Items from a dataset

......

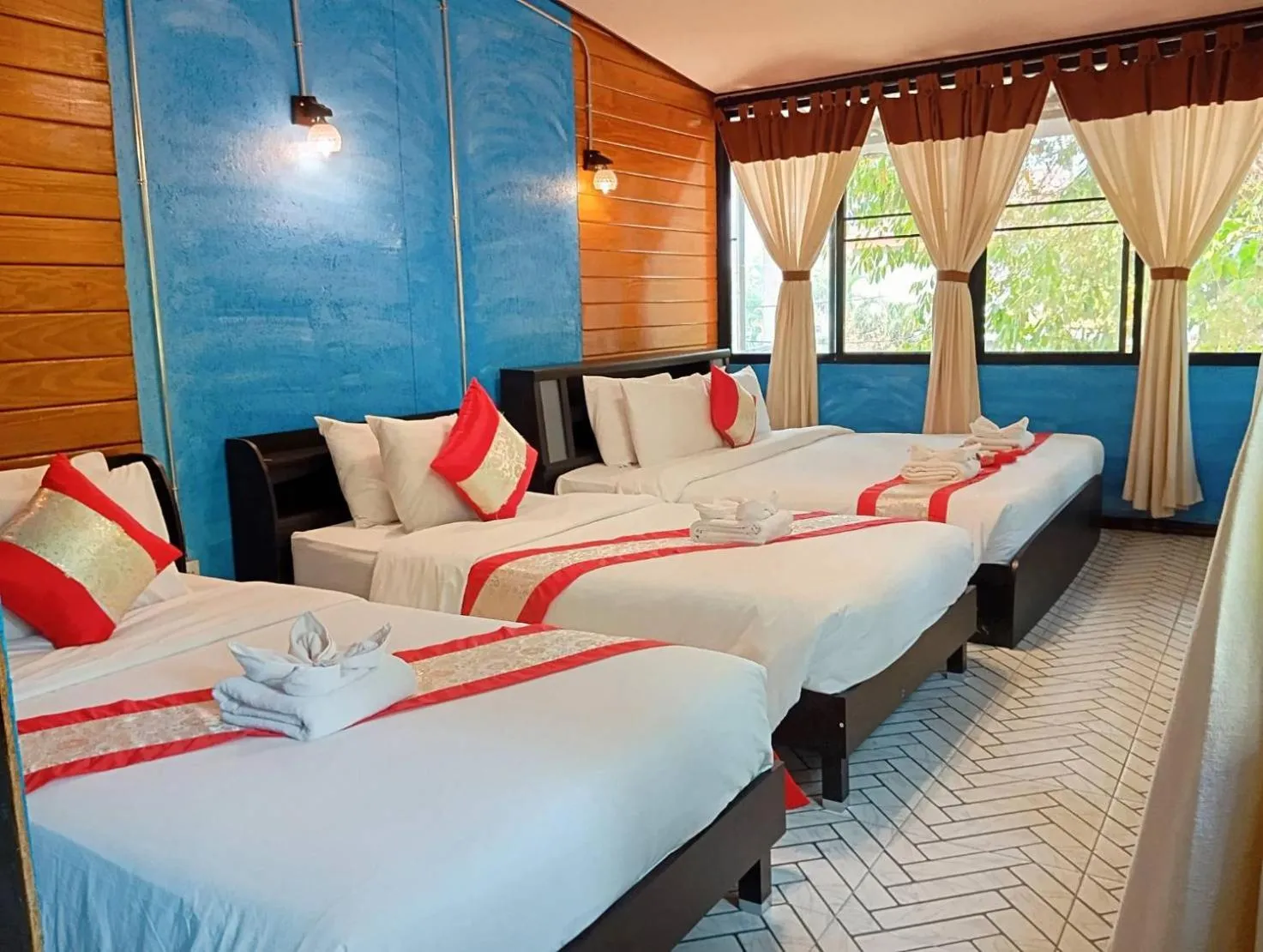 Family Suite in De Wiang Kum Kam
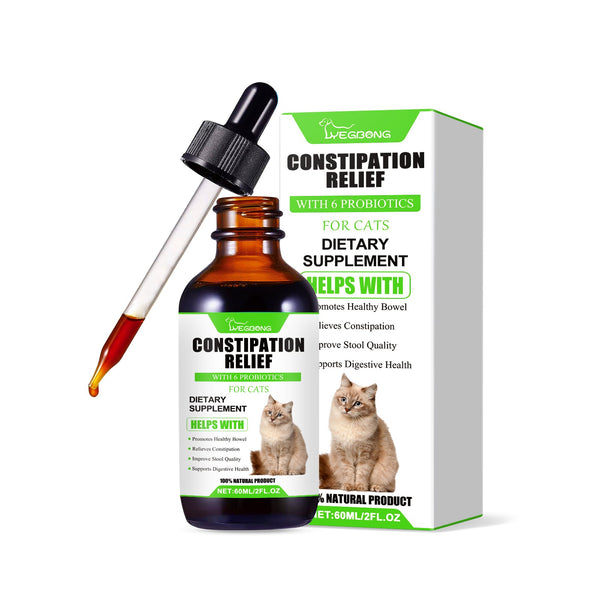 Cats With Probiotic Drops, Care For Cats Health And Vitality Care Absorb Nutritional Supplements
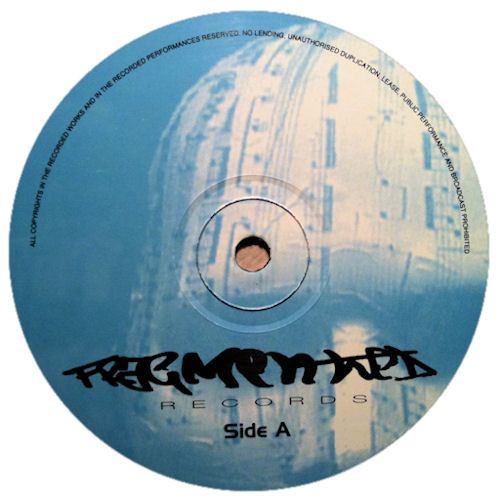 Paul Mac - Another Escape EP | Fragmented Records (FMD 014) - 2 Paul Mac - Another Escape EP | Fragmented Records (FMD 014) - 2
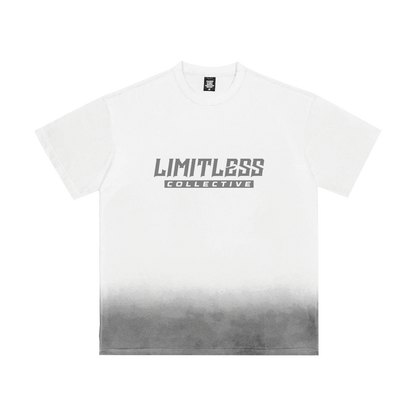 ONLY THOSE WHO RISK ARE FREE - MONKEY WASH FADE T SHIRT WHITE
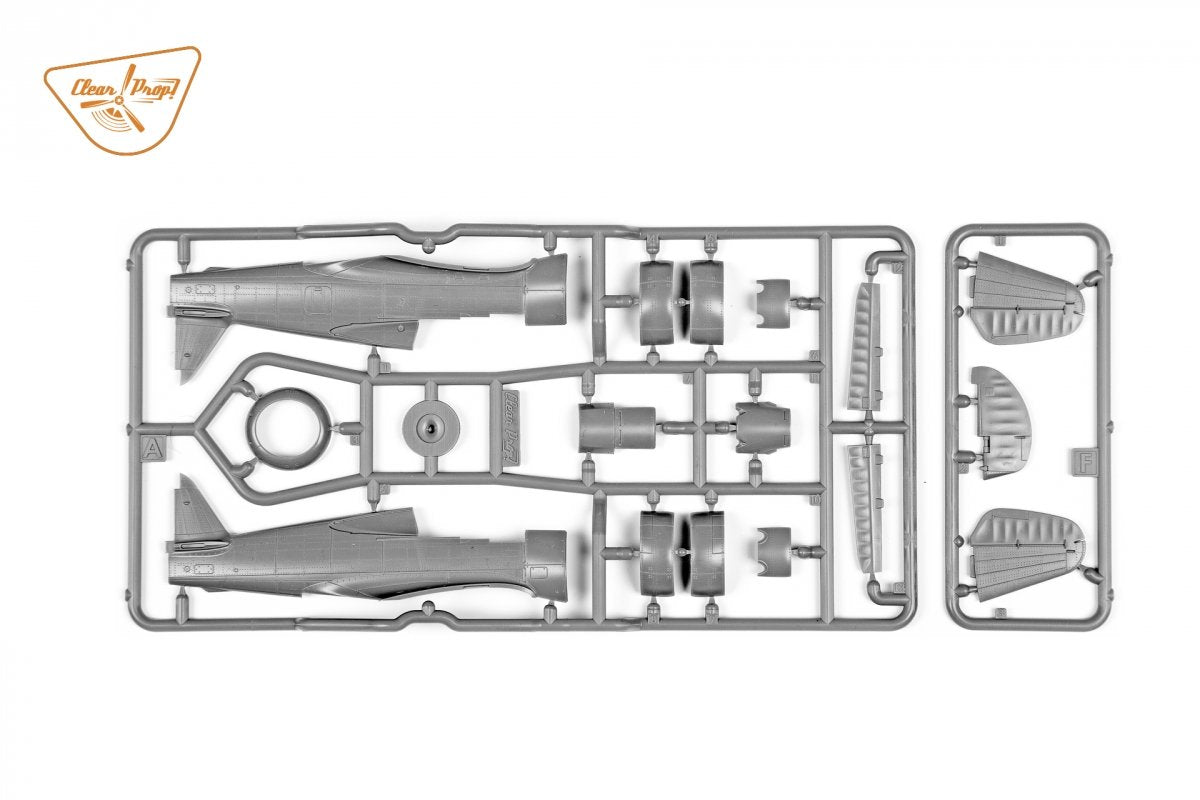 Clear Prop! CP72021 H-75O Hawk STARTER KIT 1/72 – zdjęcie 8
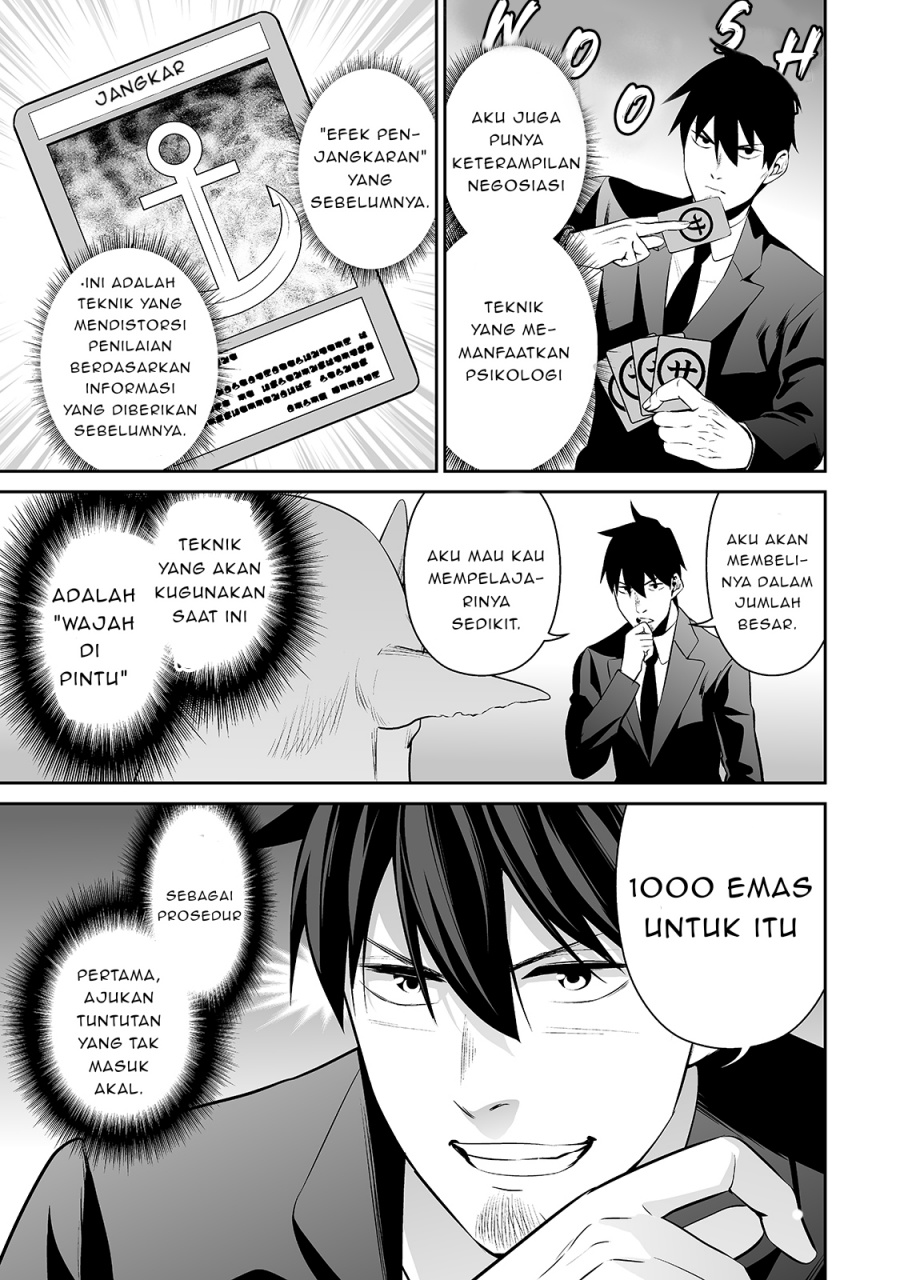 Salaryman Ga Isekai Ni Ittara Shitennou Ni Natta Hanashi chapter 33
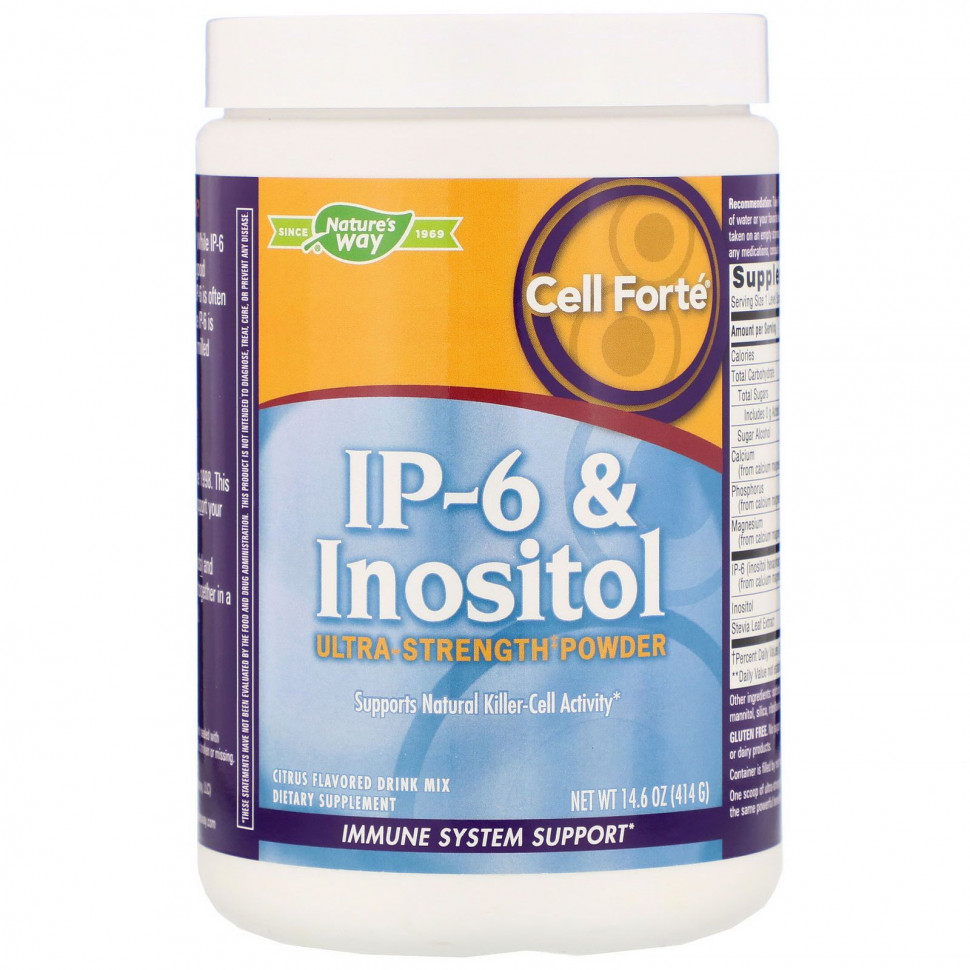 Nature's Way, Cell Fort?, IP-6  ,     , 414  (14,6 )    , -, 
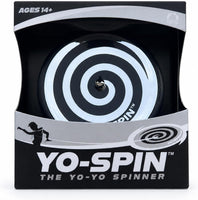 Yo-Spin Metallic Black
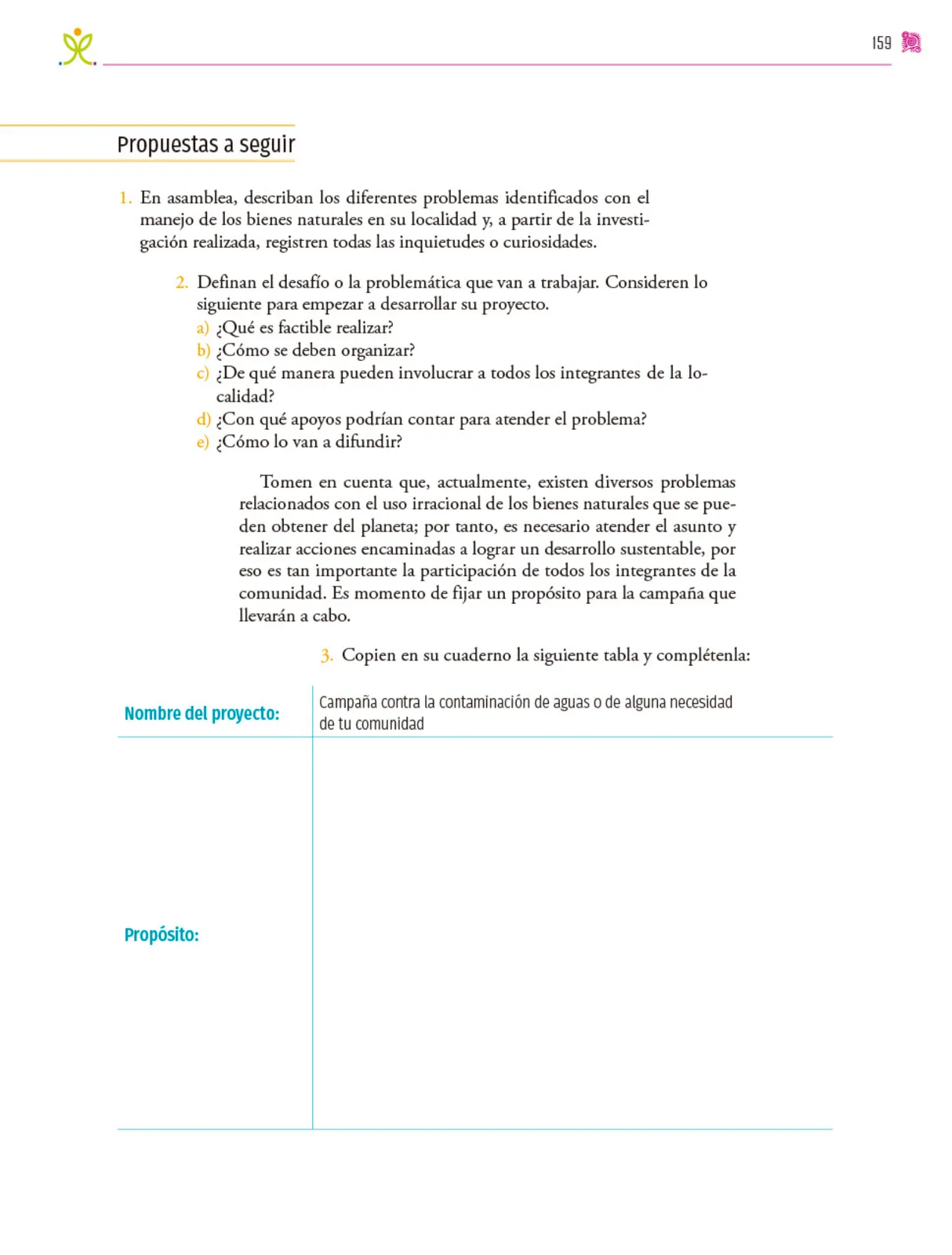Página 160 de Colección Sk´asolil. Nuestro libro de proyectos. Libro de Educación Secundaria Grado 2° Ciclo Escolar 2025 - 2026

......

**TASK INSTRUCTIONS:** What is needed is a word-for-word copy of the data, minus its pictures.

**EXERCISE OUTPUT:**
 Family Suite in De Wiang Kum Kam
 Cats With Probiotic Drops, Care For Cats Health And Vitality Care Absorb Nutritional Supplements
 Paul Mac - Another Escape EP | Fragmented Records (FMD 014) - 2 Paul Mac - Another Escape EP | Fragmented Records (FMD 014) - 2
 ONLY THOSE WHO RISK ARE FREE - MONKEY WASH FADE T SHIRT WHITE
 Clear Prop! CP72021 H-75O Hawk STARTER KIT 1/72 – zdjęcie 8
 Salaryman Ga Isekai Ni Ittara Shitennou Ni Natta Hanashi chapter 33
 Nature's Way, Cell Fort?, IP-6  ,     , 414  (14,6 )    , -, 
 Yo-Spin Metallic Black
Página 160 de Colección Sk´asolil. Nuestro libro de proyectos. Libro de Educación Secundaria Grado 2° Ciclo Escolar 2025 - 2026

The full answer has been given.